Exercise prompt: In the records below, some lines hold the word "rouge". Copy each of those lines.

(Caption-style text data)
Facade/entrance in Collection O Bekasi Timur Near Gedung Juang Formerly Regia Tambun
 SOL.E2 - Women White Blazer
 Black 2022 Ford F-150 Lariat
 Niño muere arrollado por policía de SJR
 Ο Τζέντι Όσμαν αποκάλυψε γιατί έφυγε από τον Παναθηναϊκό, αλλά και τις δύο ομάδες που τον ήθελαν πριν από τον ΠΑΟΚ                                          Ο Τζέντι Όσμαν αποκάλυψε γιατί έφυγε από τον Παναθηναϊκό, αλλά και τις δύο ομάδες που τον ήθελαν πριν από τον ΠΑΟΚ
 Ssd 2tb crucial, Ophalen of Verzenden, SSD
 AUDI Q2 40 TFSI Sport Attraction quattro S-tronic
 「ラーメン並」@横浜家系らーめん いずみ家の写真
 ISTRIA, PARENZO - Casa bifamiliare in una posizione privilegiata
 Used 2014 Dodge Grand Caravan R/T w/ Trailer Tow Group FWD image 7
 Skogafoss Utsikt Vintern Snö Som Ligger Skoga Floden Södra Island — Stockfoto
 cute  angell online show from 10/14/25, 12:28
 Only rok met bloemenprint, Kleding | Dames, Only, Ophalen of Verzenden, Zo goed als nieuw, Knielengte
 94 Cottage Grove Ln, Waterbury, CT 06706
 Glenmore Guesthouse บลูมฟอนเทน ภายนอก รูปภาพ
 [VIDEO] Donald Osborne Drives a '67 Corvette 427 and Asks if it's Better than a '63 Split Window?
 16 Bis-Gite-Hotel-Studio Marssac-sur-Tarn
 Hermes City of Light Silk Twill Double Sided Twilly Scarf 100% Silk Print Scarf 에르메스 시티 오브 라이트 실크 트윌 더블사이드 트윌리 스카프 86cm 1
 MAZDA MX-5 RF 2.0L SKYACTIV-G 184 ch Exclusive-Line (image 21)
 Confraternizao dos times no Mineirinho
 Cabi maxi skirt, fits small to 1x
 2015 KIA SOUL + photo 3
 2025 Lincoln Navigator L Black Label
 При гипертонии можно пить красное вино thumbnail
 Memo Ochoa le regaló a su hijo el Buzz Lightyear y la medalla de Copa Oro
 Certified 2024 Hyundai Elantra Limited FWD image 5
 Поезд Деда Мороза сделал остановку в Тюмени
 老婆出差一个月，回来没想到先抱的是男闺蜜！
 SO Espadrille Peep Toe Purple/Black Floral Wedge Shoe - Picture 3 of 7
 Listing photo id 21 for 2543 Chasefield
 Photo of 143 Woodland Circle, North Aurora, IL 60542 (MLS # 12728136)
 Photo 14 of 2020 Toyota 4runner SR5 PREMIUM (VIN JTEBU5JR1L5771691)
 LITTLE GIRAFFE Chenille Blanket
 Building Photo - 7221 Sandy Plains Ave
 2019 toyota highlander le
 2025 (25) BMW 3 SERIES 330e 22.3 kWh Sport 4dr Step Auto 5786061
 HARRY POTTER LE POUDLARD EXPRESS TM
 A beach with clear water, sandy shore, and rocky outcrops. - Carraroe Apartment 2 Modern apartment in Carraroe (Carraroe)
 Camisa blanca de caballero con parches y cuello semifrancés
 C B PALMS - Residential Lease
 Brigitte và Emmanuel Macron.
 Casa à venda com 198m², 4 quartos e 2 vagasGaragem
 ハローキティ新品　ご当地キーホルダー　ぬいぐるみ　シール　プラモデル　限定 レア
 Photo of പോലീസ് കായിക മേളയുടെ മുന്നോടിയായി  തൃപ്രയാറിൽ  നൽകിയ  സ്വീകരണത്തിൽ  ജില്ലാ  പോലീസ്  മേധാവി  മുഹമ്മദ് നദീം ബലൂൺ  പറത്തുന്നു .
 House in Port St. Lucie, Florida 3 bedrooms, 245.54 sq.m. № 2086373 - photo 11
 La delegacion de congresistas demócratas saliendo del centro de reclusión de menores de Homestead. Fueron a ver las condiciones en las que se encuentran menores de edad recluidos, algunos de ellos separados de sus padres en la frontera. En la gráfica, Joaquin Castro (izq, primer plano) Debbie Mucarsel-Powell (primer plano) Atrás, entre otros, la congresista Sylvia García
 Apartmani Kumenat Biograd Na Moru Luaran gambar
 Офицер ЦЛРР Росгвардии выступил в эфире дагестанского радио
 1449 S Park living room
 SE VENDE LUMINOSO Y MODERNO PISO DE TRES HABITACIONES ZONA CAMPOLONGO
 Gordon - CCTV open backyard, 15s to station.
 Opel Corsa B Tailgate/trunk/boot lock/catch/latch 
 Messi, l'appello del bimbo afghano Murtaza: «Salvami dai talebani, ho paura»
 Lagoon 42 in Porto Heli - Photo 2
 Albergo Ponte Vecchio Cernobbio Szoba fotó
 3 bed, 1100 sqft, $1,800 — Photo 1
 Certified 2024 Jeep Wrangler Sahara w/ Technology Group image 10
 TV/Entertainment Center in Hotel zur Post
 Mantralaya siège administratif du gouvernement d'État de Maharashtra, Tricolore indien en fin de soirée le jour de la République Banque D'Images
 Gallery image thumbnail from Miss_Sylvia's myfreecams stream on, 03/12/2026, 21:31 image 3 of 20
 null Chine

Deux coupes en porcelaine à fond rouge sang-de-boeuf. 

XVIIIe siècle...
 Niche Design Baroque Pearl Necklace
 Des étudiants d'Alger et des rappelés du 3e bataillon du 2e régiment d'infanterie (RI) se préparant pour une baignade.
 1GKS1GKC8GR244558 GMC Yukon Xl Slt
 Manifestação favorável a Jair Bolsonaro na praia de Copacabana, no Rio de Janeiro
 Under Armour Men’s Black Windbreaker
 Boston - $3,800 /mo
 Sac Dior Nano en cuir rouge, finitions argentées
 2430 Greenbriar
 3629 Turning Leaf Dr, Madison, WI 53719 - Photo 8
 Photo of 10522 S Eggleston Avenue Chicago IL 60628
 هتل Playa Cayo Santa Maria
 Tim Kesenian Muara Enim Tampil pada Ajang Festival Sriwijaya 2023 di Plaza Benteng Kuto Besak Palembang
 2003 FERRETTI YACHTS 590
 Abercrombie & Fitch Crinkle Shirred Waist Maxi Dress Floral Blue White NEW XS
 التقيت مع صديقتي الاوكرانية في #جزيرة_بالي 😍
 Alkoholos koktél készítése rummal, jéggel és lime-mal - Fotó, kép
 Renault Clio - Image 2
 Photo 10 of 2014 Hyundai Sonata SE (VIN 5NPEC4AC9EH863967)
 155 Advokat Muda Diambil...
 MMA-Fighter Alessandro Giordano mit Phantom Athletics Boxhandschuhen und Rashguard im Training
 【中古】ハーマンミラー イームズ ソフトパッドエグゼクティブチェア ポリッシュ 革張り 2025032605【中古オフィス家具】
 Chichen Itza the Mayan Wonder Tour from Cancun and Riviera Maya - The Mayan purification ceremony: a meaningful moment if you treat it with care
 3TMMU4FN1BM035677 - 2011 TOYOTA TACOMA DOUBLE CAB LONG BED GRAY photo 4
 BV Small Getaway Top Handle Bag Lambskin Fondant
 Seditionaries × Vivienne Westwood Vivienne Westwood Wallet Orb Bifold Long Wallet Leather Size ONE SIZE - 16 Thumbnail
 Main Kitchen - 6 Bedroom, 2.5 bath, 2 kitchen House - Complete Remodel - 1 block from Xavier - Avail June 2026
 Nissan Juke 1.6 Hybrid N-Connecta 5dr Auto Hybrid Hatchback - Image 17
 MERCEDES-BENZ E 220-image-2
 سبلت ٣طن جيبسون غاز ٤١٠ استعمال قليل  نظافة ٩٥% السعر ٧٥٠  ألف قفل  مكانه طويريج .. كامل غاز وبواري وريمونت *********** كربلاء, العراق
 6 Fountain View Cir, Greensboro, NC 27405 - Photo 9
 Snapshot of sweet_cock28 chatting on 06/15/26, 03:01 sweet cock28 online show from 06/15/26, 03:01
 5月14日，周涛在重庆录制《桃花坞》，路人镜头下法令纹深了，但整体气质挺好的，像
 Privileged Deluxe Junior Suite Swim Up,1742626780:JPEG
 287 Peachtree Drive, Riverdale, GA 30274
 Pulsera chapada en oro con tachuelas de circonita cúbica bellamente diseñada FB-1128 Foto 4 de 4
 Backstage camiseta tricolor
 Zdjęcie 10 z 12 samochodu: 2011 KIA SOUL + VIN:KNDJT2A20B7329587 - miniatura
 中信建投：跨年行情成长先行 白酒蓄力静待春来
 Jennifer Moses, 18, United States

Result of this exercise:
Deux coupes en porcelaine à fond rouge sang-de-boeuf. 
 Sac Dior Nano en cuir rouge, finitions argentées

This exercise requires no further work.